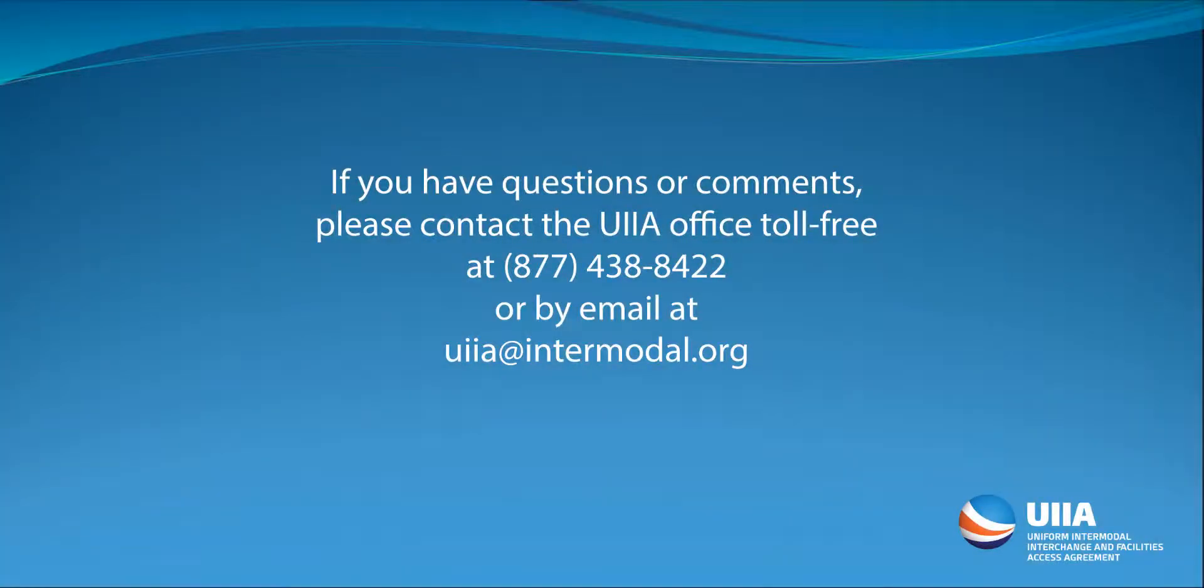If you have any questions on this, feel free to give our office a call at 877-438-8422. Thank you.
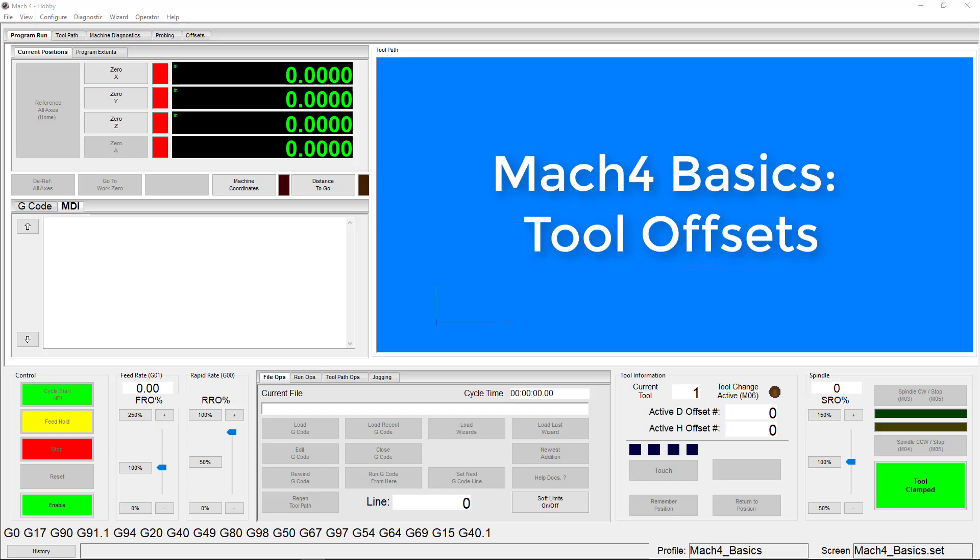Hello everyone. Today we are continuing our Mach 4 basic series and talking about tool offsets. Tool offsets allow you to compensate for different tool lengths without adjusting your G-code. These values are calculated against a master tool that you choose.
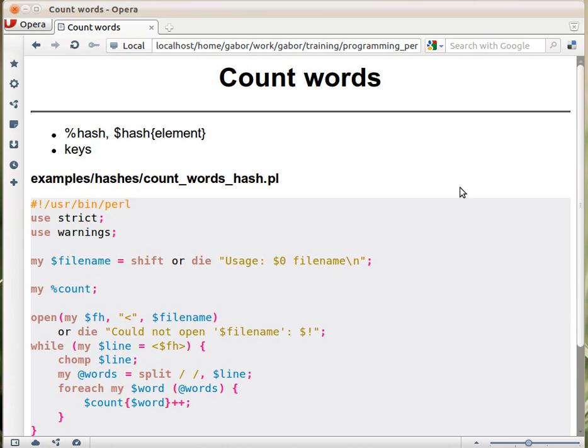A hash on the other hand can fit really well for such cases. So in this example we will see how we can count words. You have a huge file, let's assume that we don't have any special characters, just words.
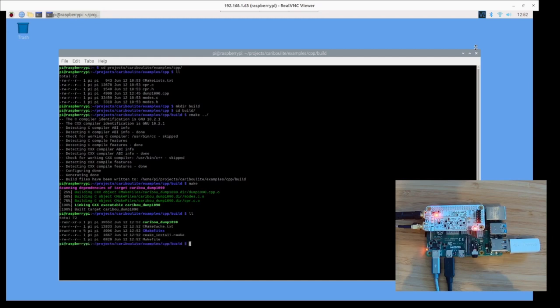So it created the dump1090, let's run it.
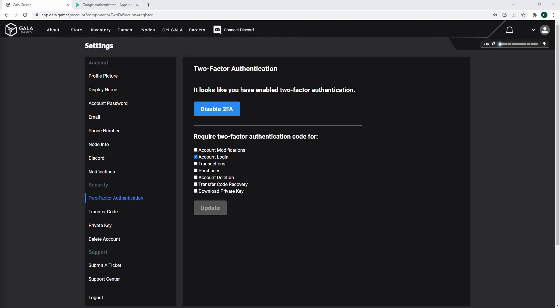You can select when you want to use the Authenticator to verify your account. I would recommend doing this for all the available options, but if you go into your account multiple times per day, I would recommend unchecking account login and keeping everything else.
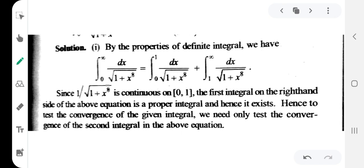Integration from 0 to infinity of dx divided by the square root of (1 plus x raised to 8). We split the integral into two parts: from 0 to 1 and from 1 to infinity. On the closed interval from 0 to 1, the function 1 by √(1 + x^8) is continuous, so the first integral from 0 to 1 is a proper integral.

# Work instructions
When restating the records word for word, omit any picture they contain.

# Solution for this task
If you have any questions on this, feel free to give our office a call at 877-438-8422. Thank you.
Hello everyone. Today we are continuing our Mach 4 basic series and talking about tool offsets. Tool offsets allow you to compensate for different tool lengths without adjusting your G-code. These values are calculated against a master tool that you choose.
A hash on the other hand can fit really well for such cases. So in this example we will see how we can count words. You have a huge file, let's assume that we don't have any special characters, just words.
So it created the dump1090, let's run it.
You can select when you want to use the Authenticator to verify your account. I would recommend doing this for all the available options, but if you go into your account multiple times per day, I would recommend unchecking account login and keeping everything else.
Integration from 0 to infinity of dx divided by the square root of (1 plus x raised to 8). We split the integral into two parts: from 0 to 1 and from 1 to infinity. On the closed interval from 0 to 1, the function 1 by √(1 + x^8) is continuous, so the first integral from 0 to 1 is a proper integral.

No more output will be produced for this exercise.